With passive drainage, upper and lower drainages are installed to evacuate exudate, and rubber-gauze drainage is installed to expand the drainage channel area.

To actively influence the source of inflammation, two upper drains are placed in the upper floor of the abdominal cavity - under the liver on the right and under the diaphragm on the left, the other two are installed in the side canals of the abdominal cavity and a drainage for evacuating exudate from the pelvis. If necessary, drains can be installed in various departments abdominal cavity depending on the prevalence of peritonitis.

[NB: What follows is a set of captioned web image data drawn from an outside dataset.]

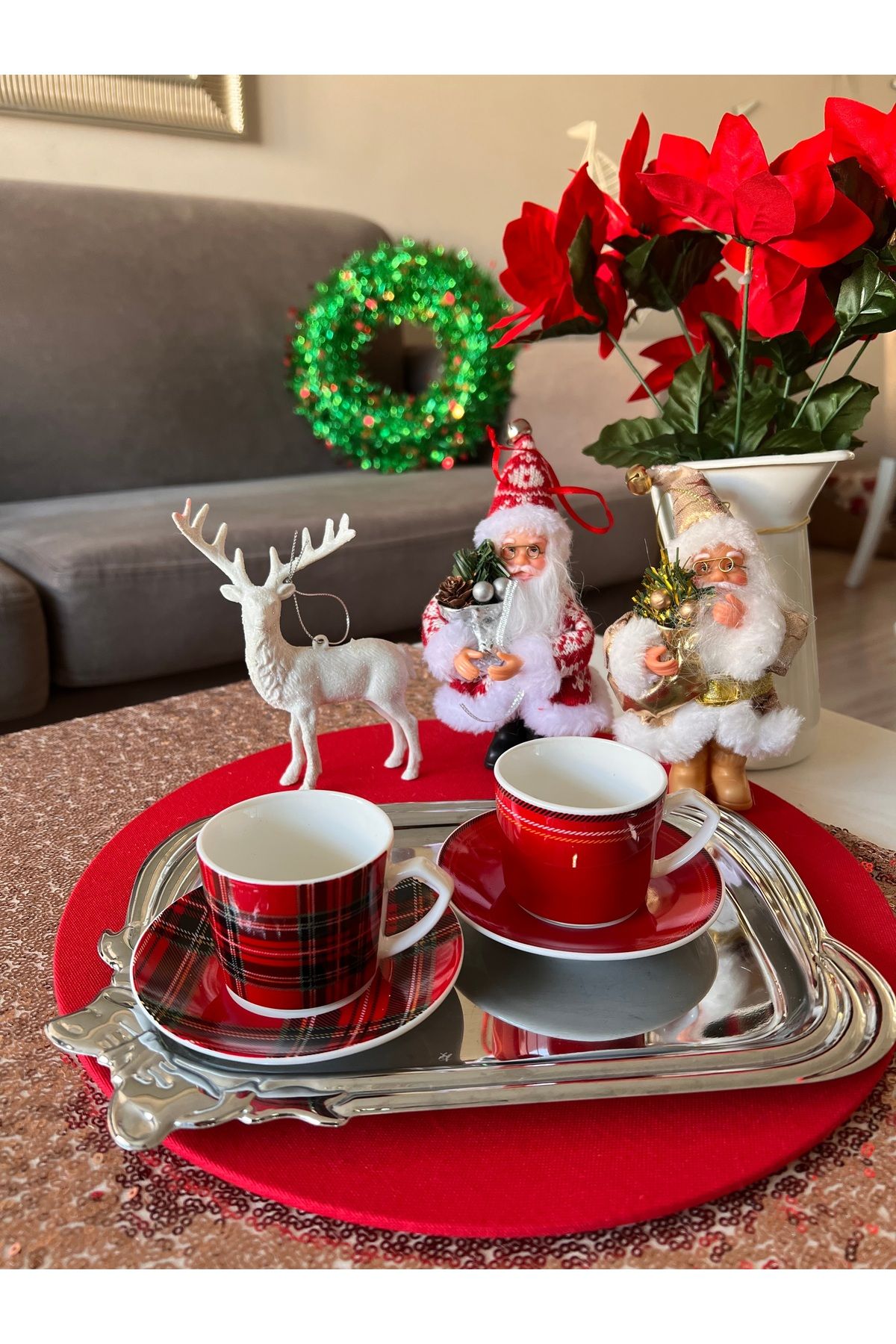 Ayd Home-Christmas 80 ml Checkered New Year Presentation - Set of 2 Plaid Cups 2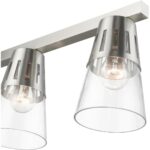 56455-91 5 Light Brushed Nickel Large Linear Chandelier-Lighting LumensChandeliers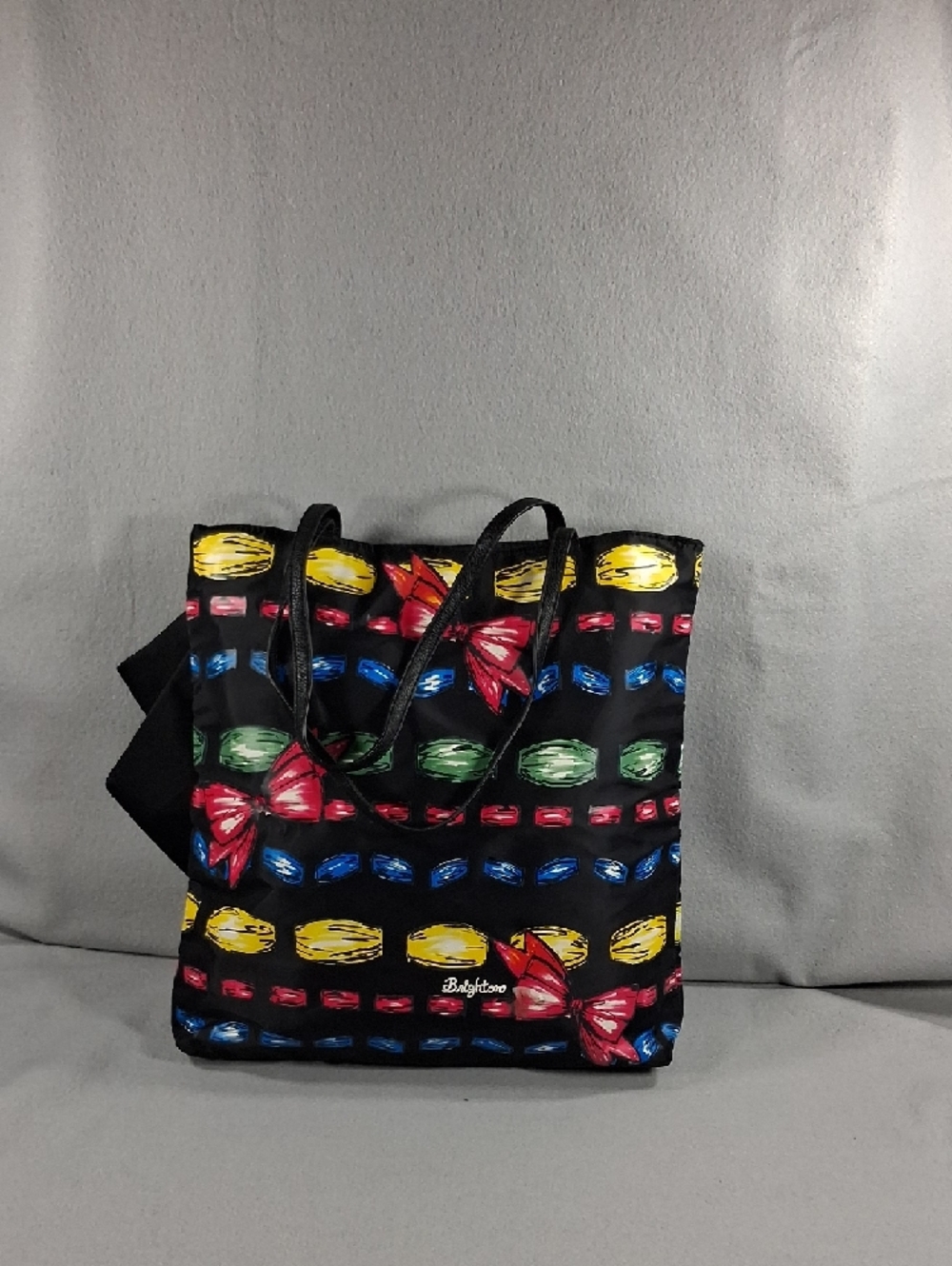 Brighton Black Tote with Large Bow and Multicolor Jewel Print - Picture 2 of 5
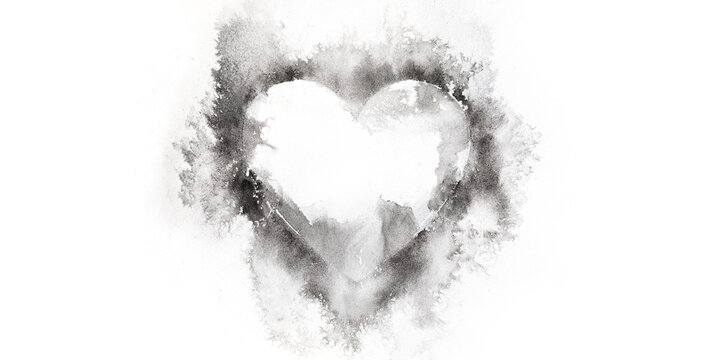 Watercolour splashes heart on white paper background.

Options for drainage of the abdominal cavity with widespread peritonitis (a, b, c)


Drainage of the abdominal cavity in case of widespread peritonitis for peritoneal lavage (a, b, c). Use drainage tubes and cigarette drains



a - effective lavage; b, c - decrease in efficiency


Laparostomy and planned sanitation of the abdominal cavity for peritonitis are used in various ways.

Indications for laparostomy:
. widespread peritonitis III—IVА, IVB stages with severe endogenous intoxication, multiple organ failure;
. widespread or limited peritonitis with necrosis of the abdominal organs or retroperitoneal tissue;
. anaerobic peritonitis;
. delayed relaparotomy for postoperative peritonitis, both with a tendency to delineate multiple foci of inflammation in various parts of the abdomen, and with a widespread process;
. eventration with widespread peritonitis through purulent wound, and also when high risk eventration (suppuration of the surgical wound with necrosis of the skin, muscles, aponeurosis).

There is a simple and affordable method using a zipper (zipper-laporostomy). This option of laparostomy allows you to control inflammation in the abdominal cavity and perform staged sanitation and necrectomy.

After wide laparotomy (relaparotomy) and elimination of the source of peritonitis and sanitation of the abdominal cavity, the subhepatic and subphrenic spaces and the small pelvis are drained. To temporarily close the abdominal cavity, industrial zippers with a length of at least 30 cm and a width of each half of 2-2.5 cm are used. Vinyl chloride tubes are sewn to the edges of the zipper, washed thoroughly, rinsed and stored until use. alcohol solution chlorhexidine.

Before fixing to the skin, the zipper is separated and alternately sutured behind a fixed tube to the edges of the surgical wound. The detachable parts are fixed using U-shaped skin sutures, 2-2.5 cm away from the edges of the wound. After commit individual parts When zippers are applied to the skin, an omentum is placed on the intestinal loops, and a napkin moistened with an antiseptic is placed between the walls of the wound to prevent damage to the adjacent intestinal loops by the zipper.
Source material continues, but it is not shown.